Thanks for your input. :fish:


----------



## africancichlidcentral (Oct 12, 2004)

I think you're 99.9% right. It looks like one to me. Do you have females you can show a picture of?


----------



## mrcichlid1968 (Jun 15, 2008)

is there a list somewhere on this forum to tell what the diff abbreviations mean?
BTW I'll get a pic of the females when the op arrives...they're camera shy.


----------



## tires_6792 (Mar 25, 2005)

i agree that it is a Paralabidochromis sp. rock kribensis


----------



## StructureGuy (Jul 27, 2002)

mrcichlid1968 said:


> is there a list somewhere on this forum to tell what the diff abbreviations mean?

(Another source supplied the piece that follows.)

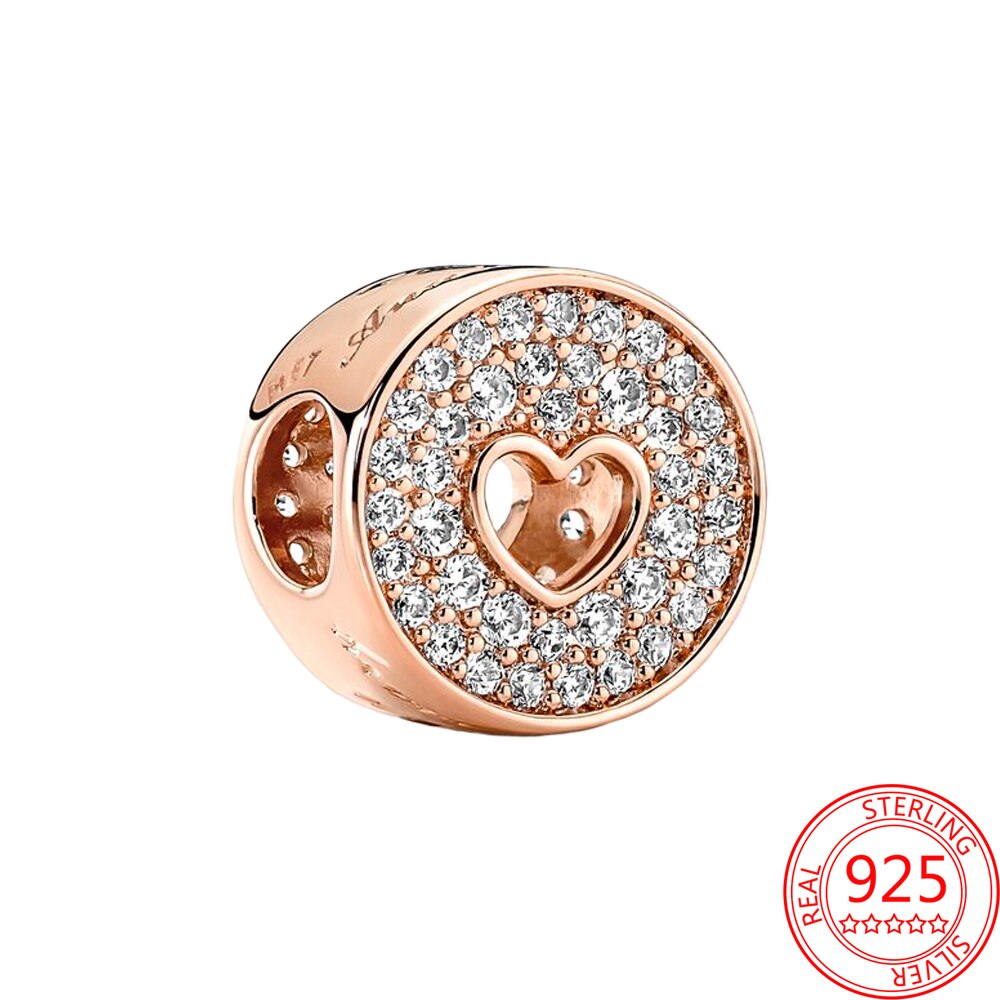 Classic 925 Sterling Silver Sparkling Rose Gold Ocean Heart Dangle Charm Fit Pandora Moment Bracelets and Necklaces DIY Jewelry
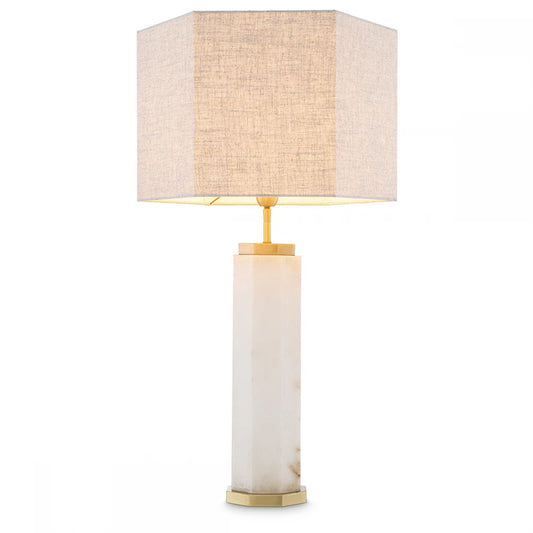 Veioza din Metal/Alabastru Alama si Stofa Bej H84.5xL46cm Newman Eichholtz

sp. is an abbreviation for "species"

It is simply a temporary way to identify a fish until it is officially assigned a species name. It is usually a color or a location or a description of some unique physical feature of the fish.

Kevin


----------



## mrcichlid1968 (Jun 15, 2008)

Thanks, :thumb: thats been bugging me to find out ...ok...is there other abbrev. or a list on this sight somewhere I haven't found yet?


----------



## chapman76 (Jun 30, 2004)

Nope, at least I haven't found one. Just something you learn as you look at names.


----------



## mrcichlid1968 (Jun 15, 2008)

http://i277.photobucket.com/albums/kk78 ... 1_2021.jpg

Paralabidochromis sp. "Rock Kribensis"
huh... both females seemed to want to get in the pic....


----------



## mrcichlid1968 (Jun 15, 2008)

oops try this one for the female pics

http://i277.photobucket.com/albums/kk78 ... 0_2048.jpg

Paralabidochromis sp. "Rock Kribensis"
huh... both females seemed to want to get in the pic


----------